[HN Gopher] Apple Intelligence notification summaries are pretty...
___________________________________________________________________
Apple Intelligence notification summaries are pretty bad
Author : voytec
Score : 30 points
Date : 2024-11-18 19:38 UTC (3 hours ago)
(HTM) web link (arstechnica.com)
(TXT) w3m dump (arstechnica.com)
| whycome wrote:
| Incidentally, I turned this off today. I suspect it's terrible on
| battery life and I will find out. But the thing about the
| summaries that was they would sometimes imply the EXACT OPPOSITE
| of what was in a message. I had a few stomach-dropping moments
| when reading the summaries only for me to read the actual thread
| to see it was nowhere close. This is one of "it's not even wrong"
| situations and I don't know how it was fucked up this badly. The
| nature of the texts themselves weren't complicated either. I
| didn't save them, but I suspect it stemmed from misinterpretating
| some subtle omission (like our common practice of leaving out
| articles or pronouns).
| jiggawatts wrote:
| The current AIs are pretty bad at handling negation especially
| when the models are small and quantised. To be fair, so are
| humans: double, triple, or even higher negatives can trip
| people up.
|
| This effect of smaller models being bad at negation is most
| obvious in image generators, most of which are only a handful
| of gigabytes in size. If you ask one for "don't show an
| elephant next to the circus tent!" then you will definitely get
| an elephant.
| echoangle wrote:
| Isn't the negative prompting thing with image generators just
| how they work?

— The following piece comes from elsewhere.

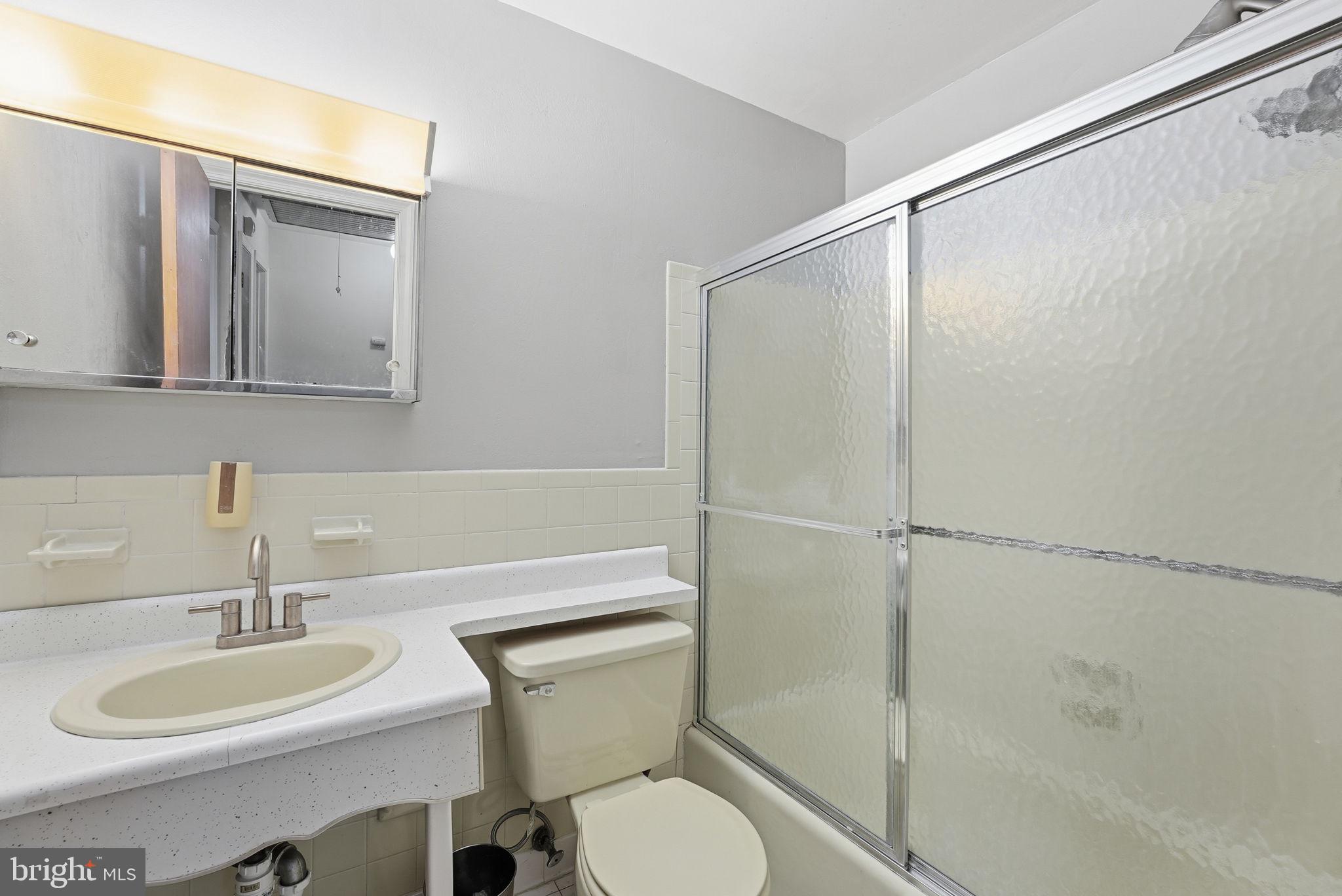 12204 CHESTERTON DRIVE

As far as I understand, the problem is that
| training data isn't normally annotated with ,,no elephant"
| with all images without elephant, so putting ,,no elephant"
| in the prompt most closely matches training data that's
| annotated with ,,elephant" and includes elephants. The image
| models aren't really made to understand proper sentences, I
| think.
| jiggawatts wrote:
| Yes, but it's more complex than that! If you ask "who is
| Tom Cruise's mother" you will get a much more robust
| response than asking "who is Mary Lee Pfeiffer's son?".
|
| It's not just negation that models struggle with, but also
| reversing the direction of any arrow connecting facts, or
| wandering too far from established patterns of any kind.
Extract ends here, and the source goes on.